=== Data shown ===

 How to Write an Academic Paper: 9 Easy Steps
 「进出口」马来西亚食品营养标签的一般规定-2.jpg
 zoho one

===
=== Data shown ===

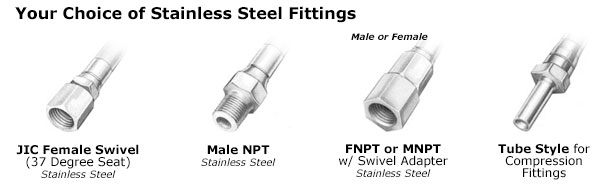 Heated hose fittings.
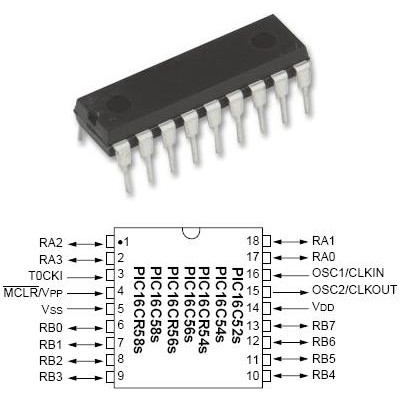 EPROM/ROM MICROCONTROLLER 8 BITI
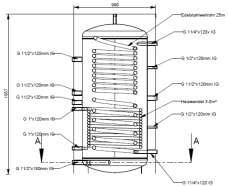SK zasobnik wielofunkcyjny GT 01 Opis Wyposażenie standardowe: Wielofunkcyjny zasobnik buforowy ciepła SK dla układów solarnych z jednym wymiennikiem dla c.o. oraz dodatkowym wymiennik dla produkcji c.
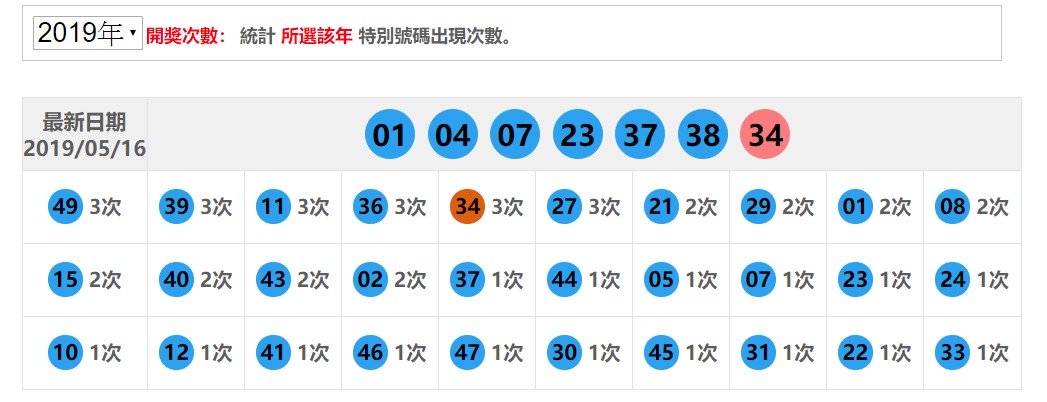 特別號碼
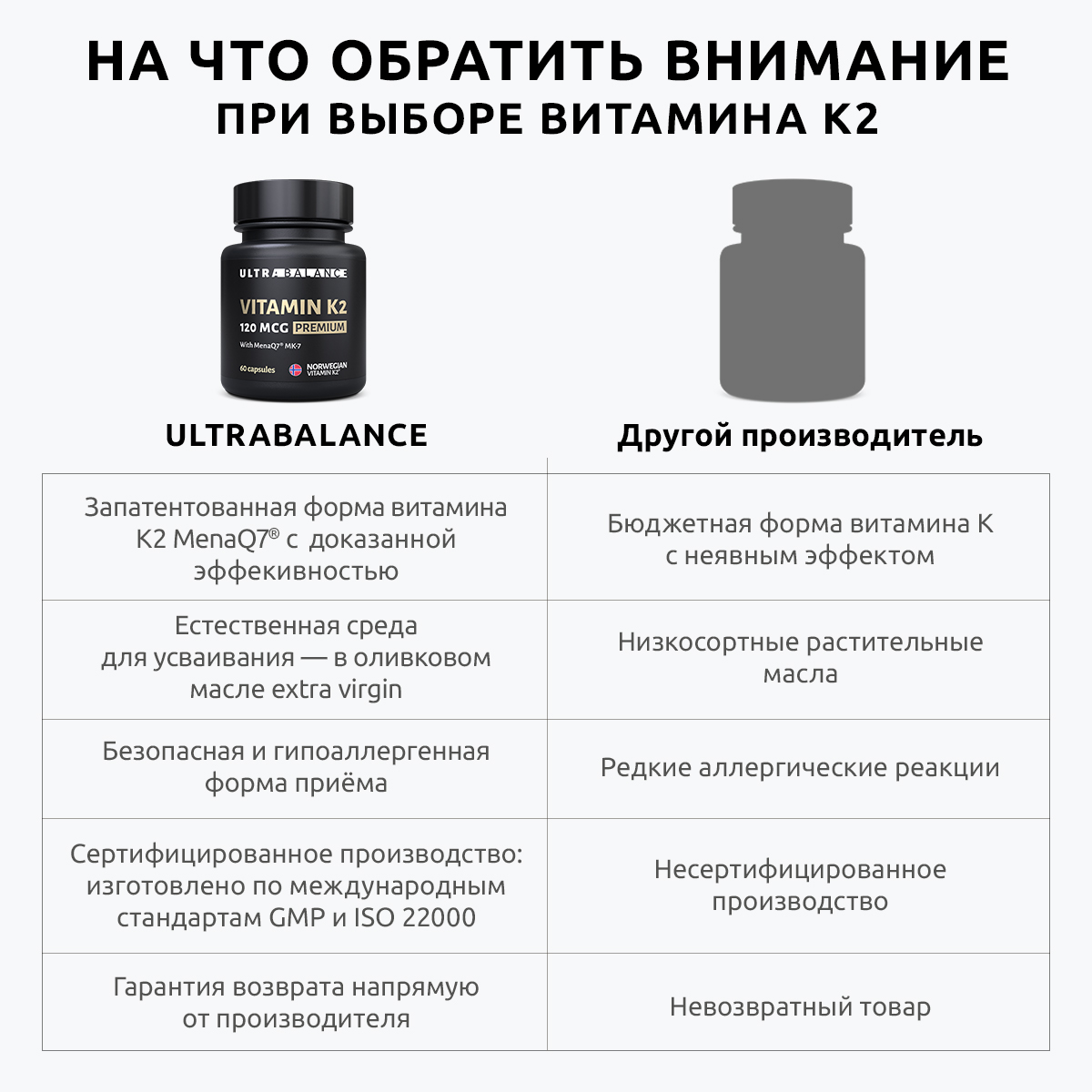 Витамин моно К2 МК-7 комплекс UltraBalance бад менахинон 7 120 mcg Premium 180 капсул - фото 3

===
=== Data shown ===

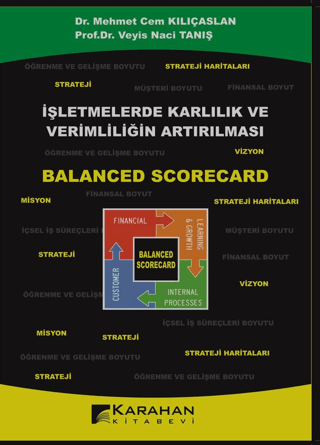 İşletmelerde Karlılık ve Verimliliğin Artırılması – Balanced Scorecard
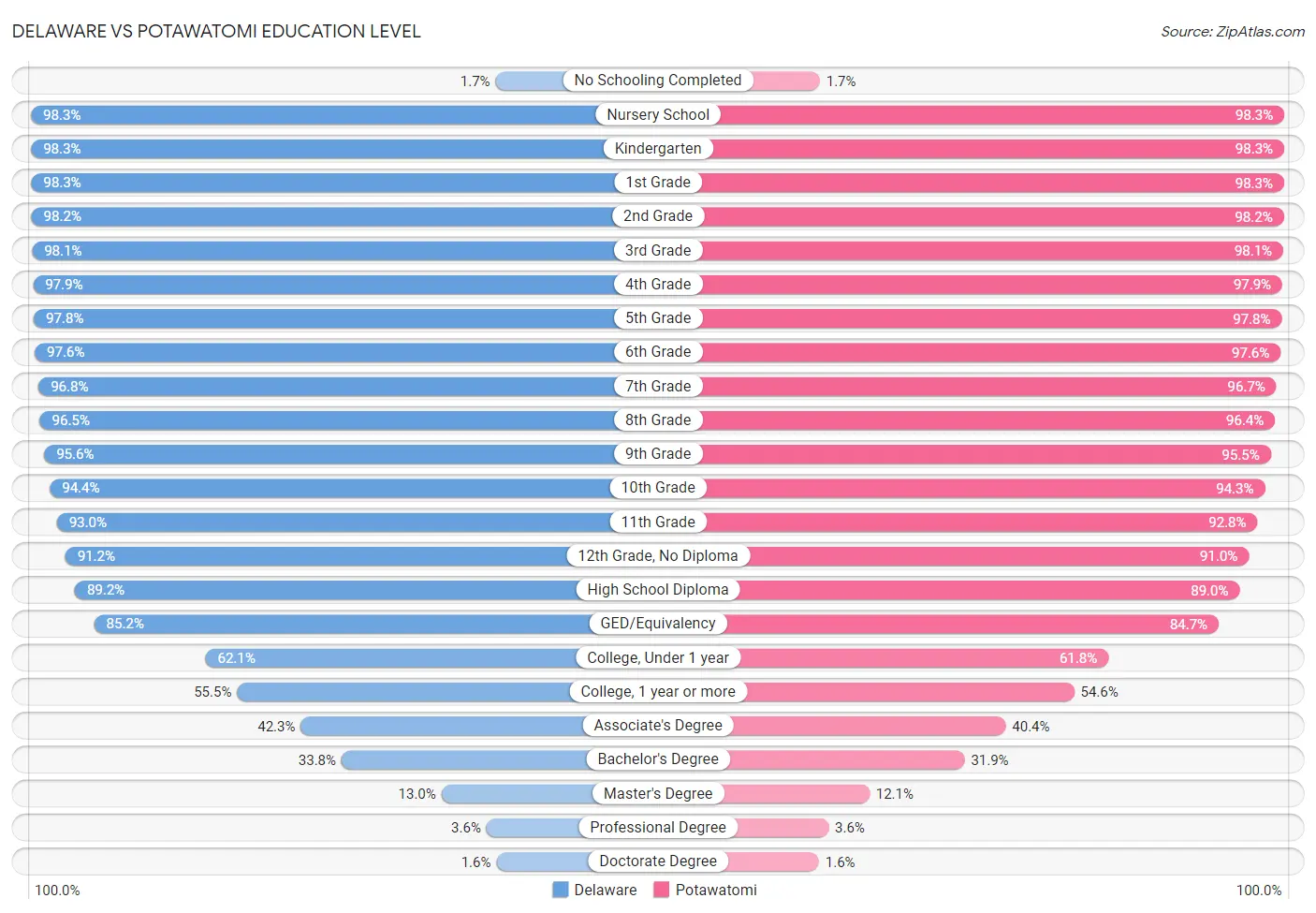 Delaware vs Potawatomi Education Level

===

**Goal of the exercise:** Using the records above, print exactly the lines between the ones containing "Heated hose fittings." and "Витамин моно К2", inclusive, and nothing else; no pictures.

**Completed exercise:**
 Heated hose fittings.
 EPROM/ROM MICROCONTROLLER 8 BITI
SK zasobnik wielofunkcyjny GT 01 Opis Wyposażenie standardowe: Wielofunkcyjny zasobnik buforowy ciepła SK dla układów solarnych z jednym wymiennikiem dla c.o. oraz dodatkowym wymiennik dla produkcji c.
 特別號碼
 Витамин моно К2 МК-7 комплекс UltraBalance бад менахинон 7 120 mcg Premium 180 капсул - фото 3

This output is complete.